Well for starters, people think much differently when they are losing money than when they are making it. There’s no getting around that. Losing money doesn’t feel good. But is it ok? Brent Steenbarger has an incredible piece in Forbes this week about the psychological problems that affect investors. He compared investing to decisions we have to make in life:
The commitments that, over time, can yield considerable life satisfaction often require short-term sacrifices of what would make us happy at the moment. When our longer-term aspirations conflict with what would gratify us in the near-term, we have the makings of a cognitive/emotional mismatch.
When there is a cognitive/emotional mismatch, we are prone to making poor decisions. Once we agree on the premise that a large number of investment mistakes is driven by emotion, we can then try to figure out why.

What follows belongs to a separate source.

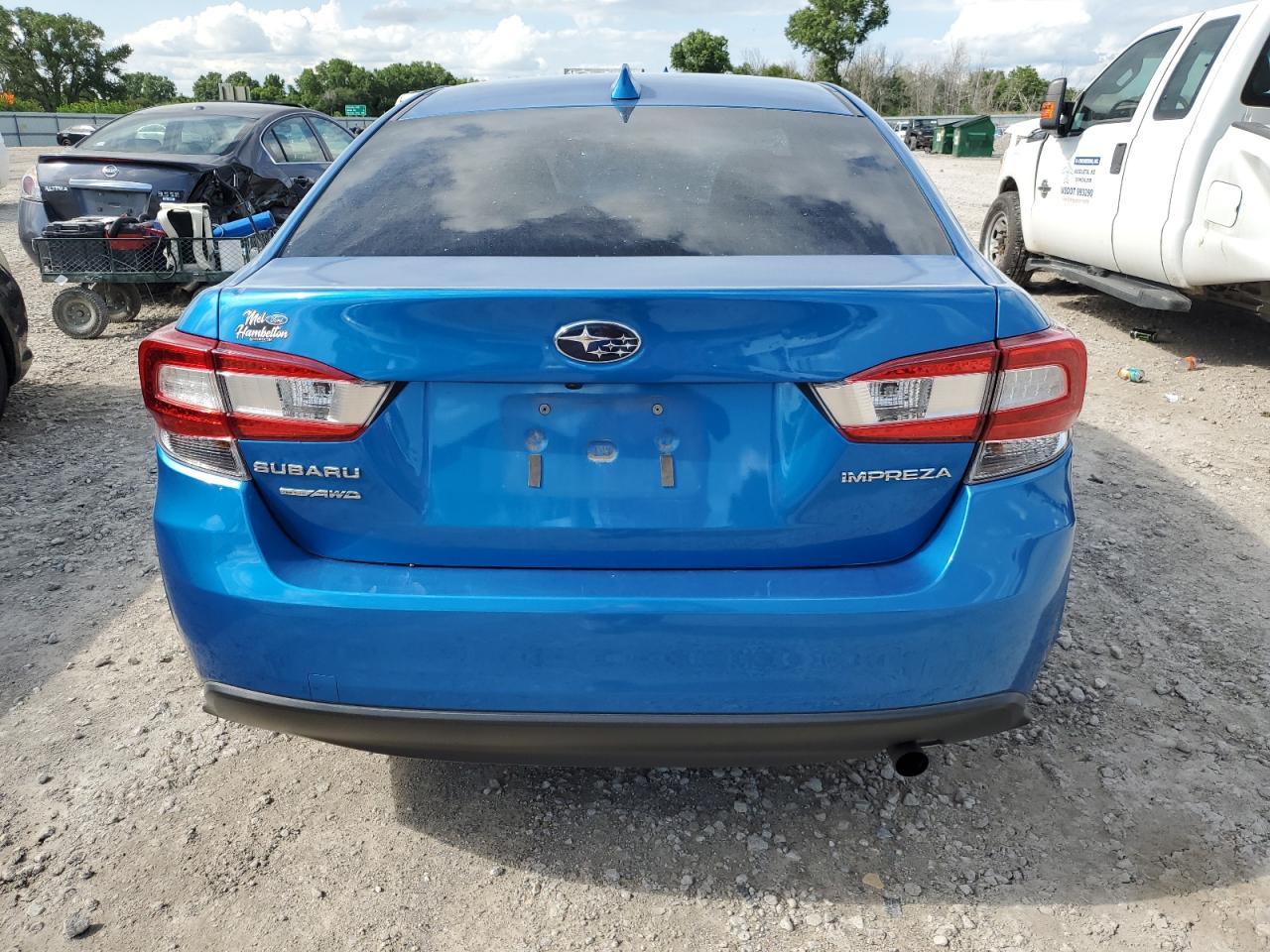 2020 Subaru Impreza Premium - Image 6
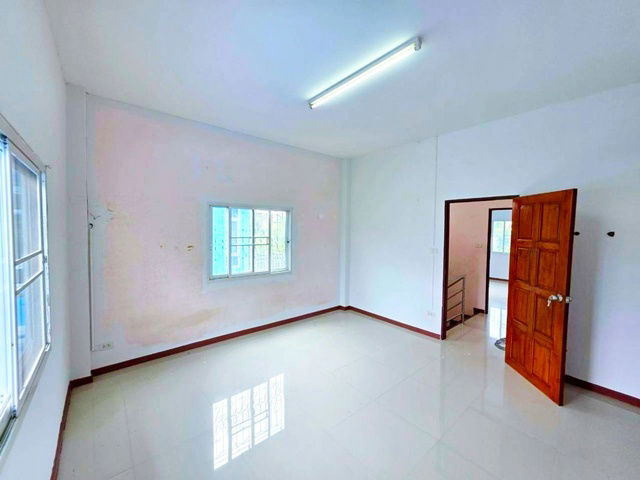 picture Big C Suwinthawong 800 m. MRT MinBuri 350m. 2-story townhouse for rent 21sq.wa. 161sq.m. 2 bed 2 bat - 5/8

To find a solution to this problem we have to work backward. If emotions are leading to poor decisions, what then, is the cause of the emotions? The answer to this question shows us the real problem. It is likely that investors make poor, emotionally driven decisions because they don’t have or do not understand what their investment plan was. They were uncomfortable, uneasy and unsure of what to do.
I think this is a very solvable problem. Any advisor will tell you that their major responsibility is to match people’s investments with their goals. I’d take that one step further and say it is of equal importance that I match my clients with investments that they understand. With understanding comes greater comfort. With greater comfort comes fewer emotions and fewer emotions means a decreased likelihood of harmful decisions.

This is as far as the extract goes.